Personally, I don't think that it is useful to think about the Good Regulator Theorem as a result about models. It's a pretty neat theorem about random variables and entropy (and that's ok!), but on its own, it doesn't say much about models. As with most things in this post, John Wentworth has discussed how you could modify the theorem to say something about models.
After writing this piece, the good regulator theorem is a lot clearer to me. I hope it is clearer to you as well. Notable by its absence in this post is any discussion of John Wentworth's improvements to the theorem. Time permitting, I hope to cover these at a later date.

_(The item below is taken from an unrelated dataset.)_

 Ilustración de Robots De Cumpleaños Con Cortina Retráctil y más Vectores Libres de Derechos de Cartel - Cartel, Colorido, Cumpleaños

This post was written during the agent foundations fellowship with Alex Altair funded by the LTFF. Thanks to Alex, Jose, Daniel, Cole, and Einar for reading and commenting on a draft.
The Good Regulator Theorem, as published by Conant and Ashby in their 1970 paper (cited over 1700 times!) claims to show that 'every good regulator of a system must be a model of that system', though it is a subject of debate as to whether this is actually what the paper shows. It is a fairly simple mathematical result which is worth knowing about for people who care about agent foundations and selection theorems. You might have heard about the Good Regulator Theorem in the context of John Wentworth's 'Gooder Regulator' theorem and his other improvements on the result.

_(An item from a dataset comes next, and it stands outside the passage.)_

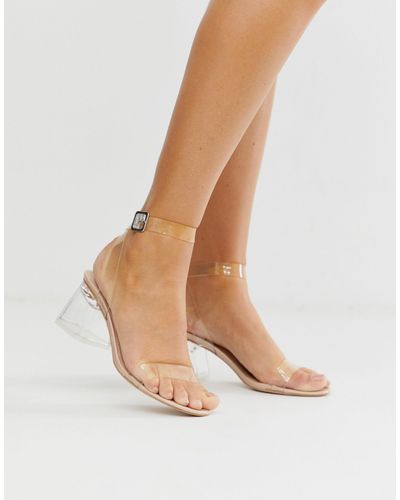Public Desire Afternoon Mid Clear Heeled Sandals-neutral - Multicolour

Unfortunately, the original 1970 paper is notoriously unfriendly to readers. It makes misleading claims, doesn't clearly state what exactly it shows and uses strange non-standard notation and cybernetics jargon ('coenetic variables' anyone?). If you want to understand the theorem without reading the paper, there are a few options. John Wentworth's post has a nice high-level summary but refers to the original paper for the proof. John Baez's blogpost is quite good but is very much written in the spirit of trying to work out what the paper is saying, rather than explaining it intuitively. I couldn't find an explanation in any control theory textbooks (admittedly my search was not exhaustive). A five year-old stackexchange question, asking for a rigorous proof, goes unanswered. The best explainer I could find was Daniel L. Scholten's 'A Primer for Conant and Ashby's Good-Regulator Theorem' from the mysterious, now-defunct 'GoodRegulatorProject.org' (link to archived website). This primer is nice, but really verbose (44 pages!). It is also aimed at approximately high-school (?) level, spending the first 15 pages explaining the concept of 'mappings' and conditional probability.
Partly to test my understanding of the theorem and partly to attempt to fill this gap in the market for a medium-length, entry-level explainer of the original Good Regulator Theorem, I decided to write this post.

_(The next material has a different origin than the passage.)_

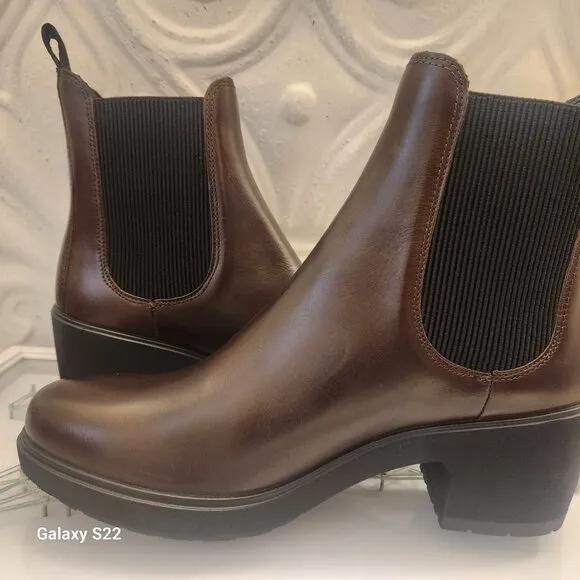 Women's ECCO® Metropole Zurich Leather Chelsea Boots. Brown. NIB. 10-10.5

Despite all the criticism, the actual result is pretty neat and the math is not complicated. If you have a very basic familiarity with Shannon entropy and conditional probability, you should be able to understand the Good Regulator Theorem.
This post will just discuss the original Good Regulator Theorem, not any of John Wentworth's additions. I'll also leave aside discussion of how to interpret the theorem (questions such as 'what counts as a model?' etc.) and just focus on what is (as far as I can tell) the main mathematical result in the paper.
Let's begin!
The Setup
Conant and Ashby's paper studies a setup which can be visualised using the following causal Bayes net:
If you are not familiar with Bayes nets you can just think of the arrows as meaning 'affects'. So A→B means 'variable A affects the outcome of variable B'. This way of thinking isn't perfect or rigorous, but it does the job.
Just to be confusing , the paper discusses a couple of different setups and draws a few different diagrams, but you can ignore them. This is the setup they study and prove things about. This is the only setup we will use in this post.
The broad idea of a setup like this is that the outcome Z is affected by a system variable S and a regulator variable R. The system variable is random. The regulator variable might be random and independent of S but most of the time we are interested in cases where it depends on the value of S. By changing the way that R depends on S, the distribution over outcomes Z can be changed. As control theorists who wish to impose our will on the uncooperative universe, we are interested in the problem of 'how do we design a regulator which can steer Z towards an outcome we desire, in spite of the randomness introduced by S?'
The archetypal example for this is something like a thermostat. The variable S represents random external temperature fluctuations. The regulator R is the thermostat, which measures these fluctuations and takes an action (such as putting on heating or air conditioning) based on the information it takes in. The outcome Z is the resulting temperature of the room, which depends both on the action taken by the regulator, and the external temperature.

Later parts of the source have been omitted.